(Short descriptive text snippets)
....................
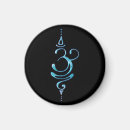 Search for breathing magnets Yoga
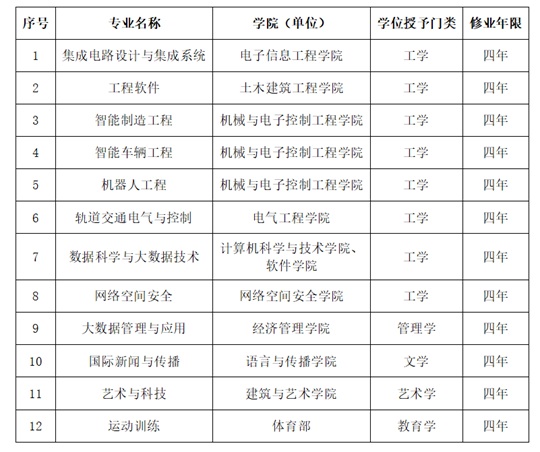 北京交通大學(xué)成功獲批新增12個(gè)本科專業(yè)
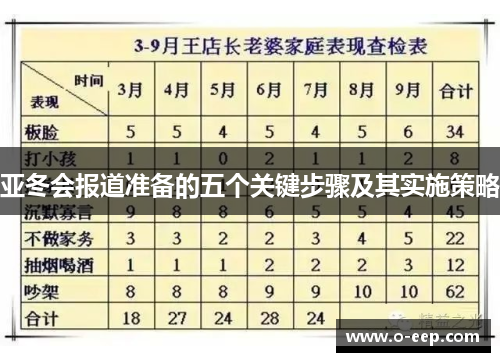 亚冬会报道准备的五个关键步骤及其实施策略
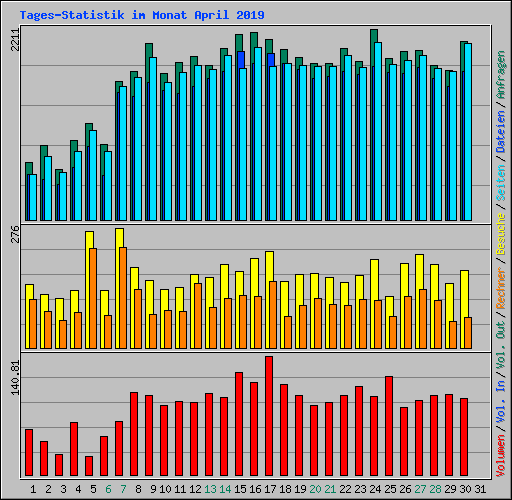 Tages-Statistik im Monat April 2019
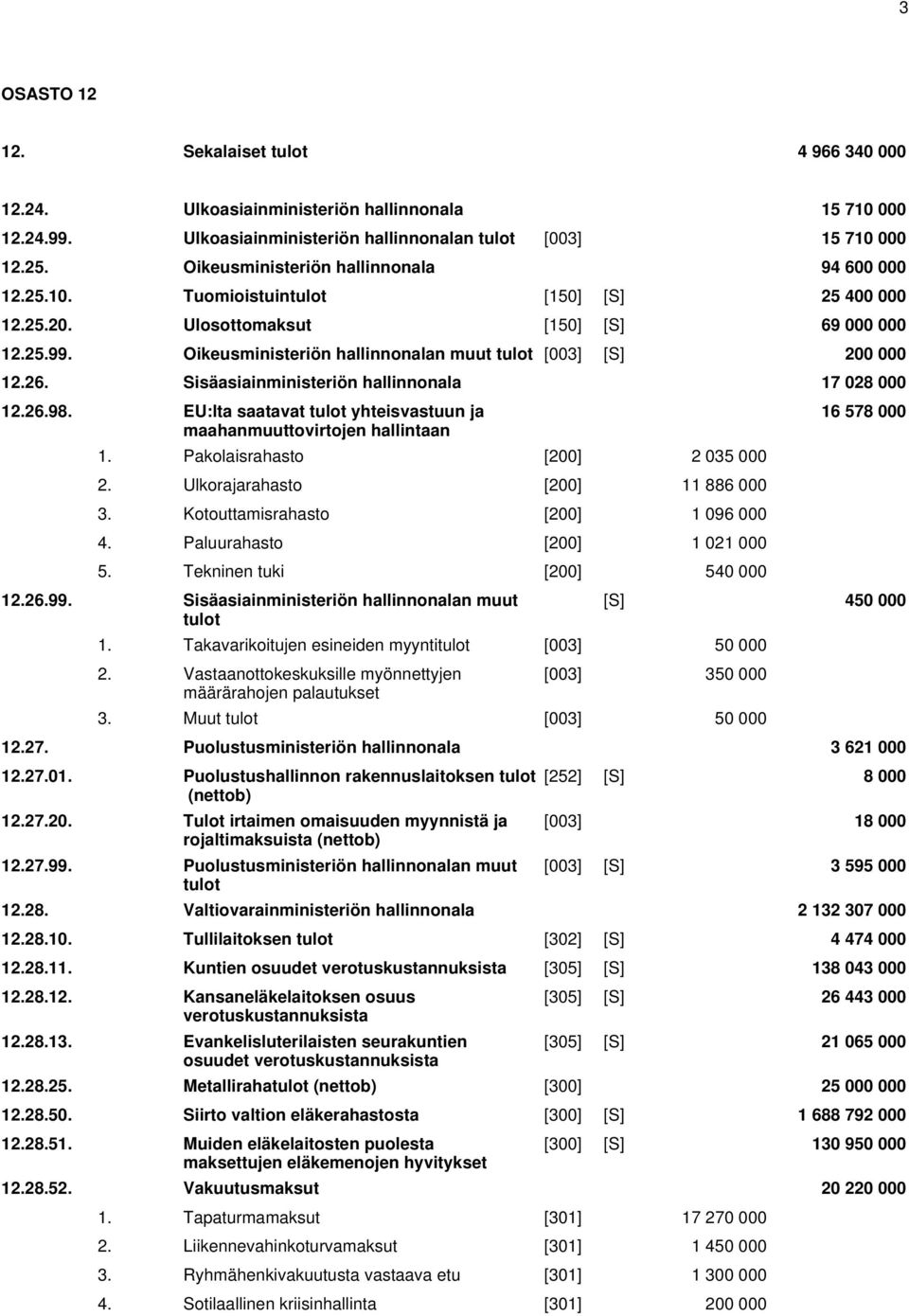 Oikeusministeriön hallinnonalan muut tulot [003] [S] 200 000 12.26. Sisäasiainministeriön hallinnonala 17 028 000 12.26.98. EU:lta saatavat tulot yhteisvastuun ja maahanmuuttovirtojen hallintaan 1.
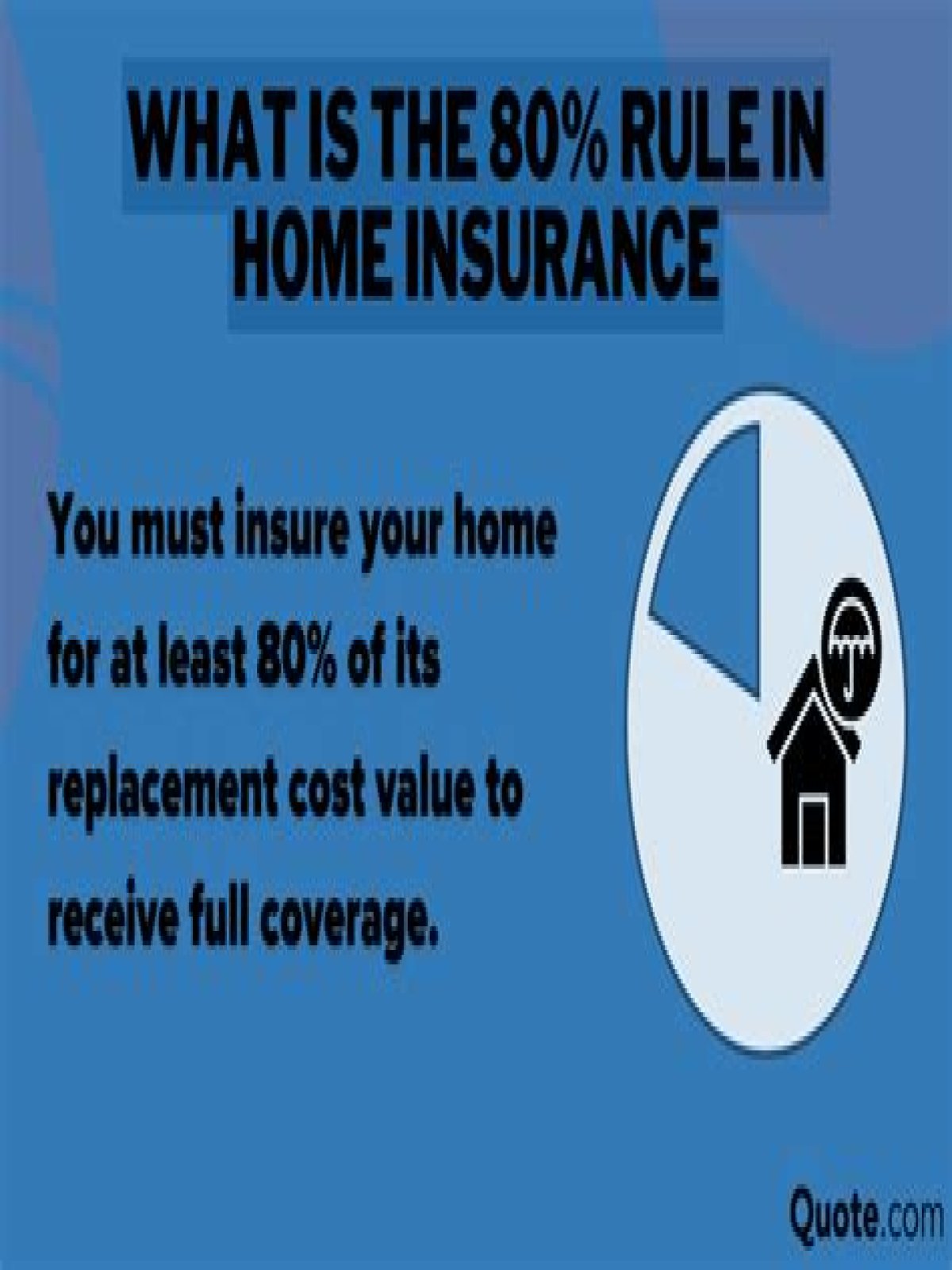 How long should you keep old homeowners insurance policies?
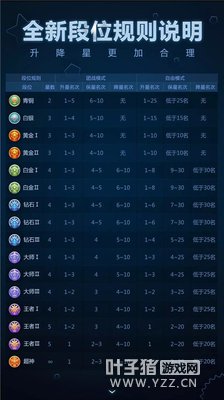 2017ȫ�¶�λ����ͼ �����Ǹ�����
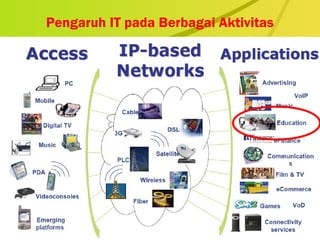 Pengaruh IT pada Berbagai Aktivitas

 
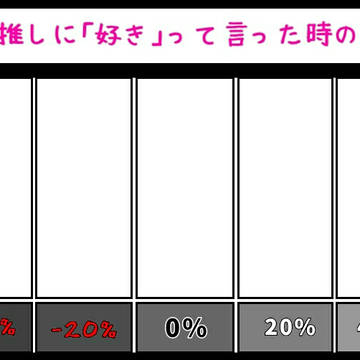好感度ごとに分かる!推しに「好き」って言った時の反応!!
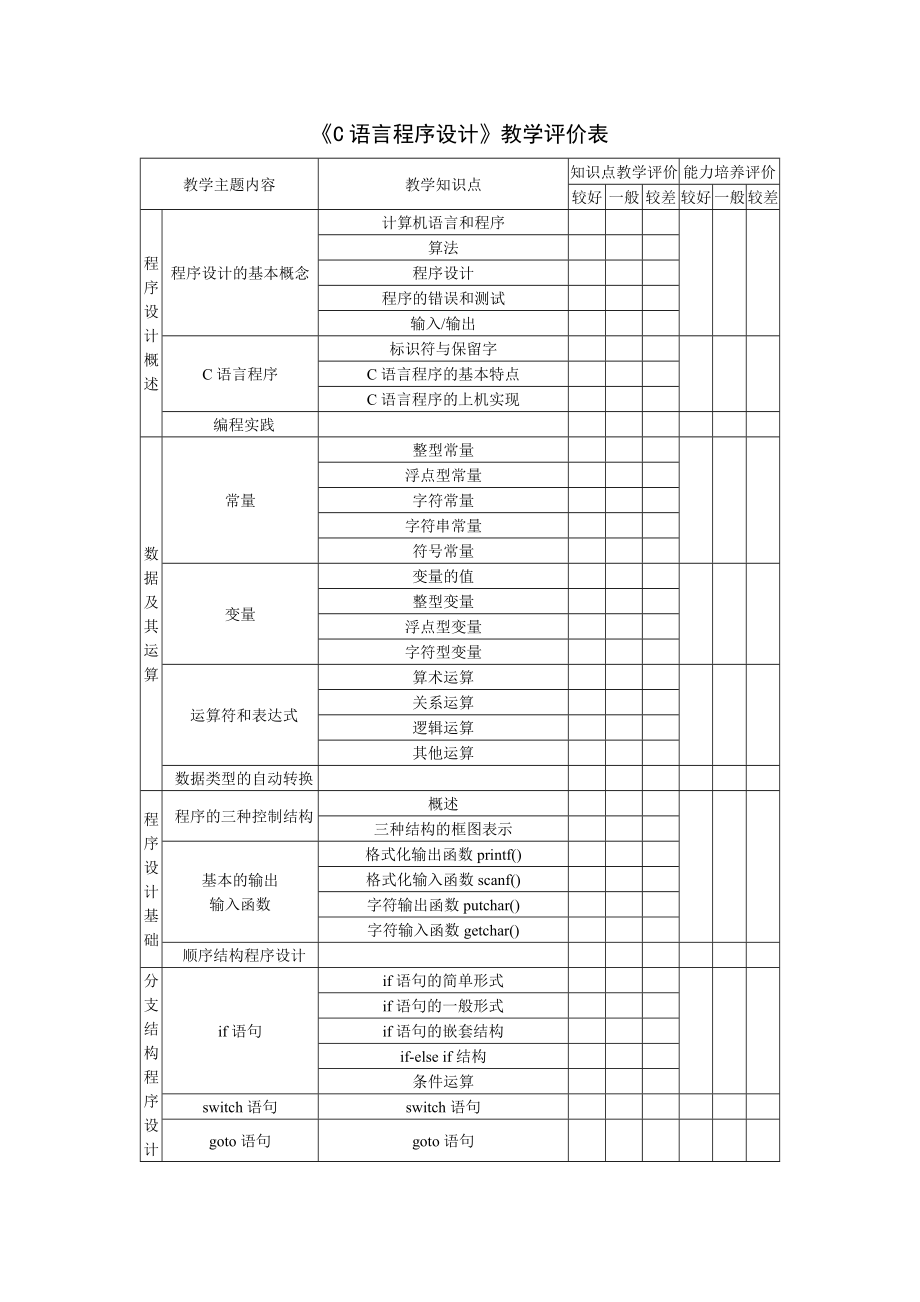 [教育学]C语言程序设计教学评价表.doc_第1页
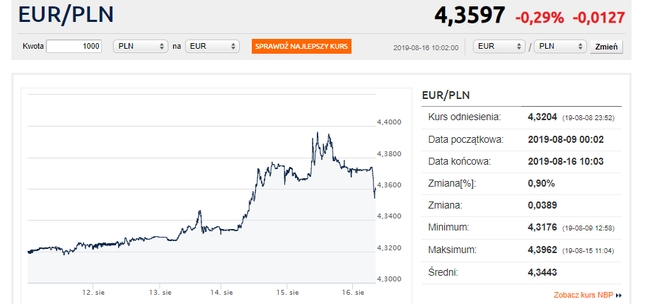 Kurs euro w pobliżu 4,36. Złoty się umacnia, frank spada z maksimów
....................
[What you need to do]
Above are the records; return the lines in them from the one with "北京交通大學(xué)成功獲批新增12個(gè)本科專業(yè)" to the one with "Tages-Statistik im Monat April 2019", inclusive, exactly and without images.

[Answer to this task]
 北京交通大學(xué)成功獲批新增12個(gè)本科專業(yè)
 亚冬会报道准备的五个关键步骤及其实施策略
 Tages-Statistik im Monat April 2019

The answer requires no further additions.